Re: 2.6.26-rc4: RIP __call_for_each_cic+0x20/0x50

From: Paul E. McKenney
Date: Wed May 28 2008 - 06:31:11 EST

Next message: Pascal Hambourg: "Re: Wired behaviour with IPv6 over PPP"
Previous message: Jens Axboe: "Re: 2.6.26-rc4: RIP __call_for_each_cic+0x20/0x50"
In reply to: Jens Axboe: "Re: 2.6.26-rc4: RIP __call_for_each_cic+0x20/0x50"
Next in thread: Jens Axboe: "Re: 2.6.26-rc4: RIP __call_for_each_cic+0x20/0x50"
Messages sorted by: [ date ] [ thread ] [ subject ] [ author ]

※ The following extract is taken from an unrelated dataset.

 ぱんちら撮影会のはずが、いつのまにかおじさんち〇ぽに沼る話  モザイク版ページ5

On Wed, May 28, 2008 at 12:07:21PM +0200, Jens Axboe wrote:
> On Tue, May 27 2008, Paul E. McKenney wrote:
> > On Tue, May 27, 2008 at 03:35:10PM +0200, Jens Axboe wrote:
> > > On Tue, May 27 2008, Alexey Dobriyan wrote:
> > > > On Sat, May 10, 2008 at 02:37:19PM +0400, Alexey Dobriyan wrote:
> > > > > > > > > @@ -41,8 +41,8 @@ int put_io_context(struct io_context *ioc)

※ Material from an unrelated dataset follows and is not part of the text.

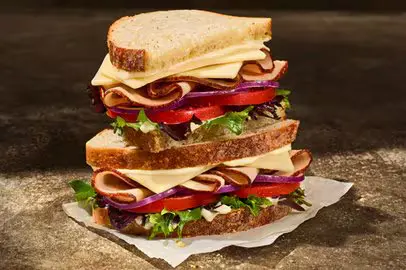 Panera Bread Menu 2026 36 Turkey Cheddar Sandwich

> > > > > > > > > rcu_read_lock();
> > > > > > > > > if (ioc->aic && ioc->aic->dtor)
> > > > > > > > > ioc->aic->dtor(ioc->aic);
> > > > > > > > > - rcu_read_unlock();
> > > > > > > > > cfq_dtor(ioc);
> > > > > > > > > + rcu_read_unlock();
> > > > > > > > >
> > > > > > > > > kmem_cache_free(iocontext_cachep, ioc);
> > > > > > > > > return 1;
> > > > > > > >
> > > > > > > > This helps in sense that 3 times bulk cross-compiles finish to the end.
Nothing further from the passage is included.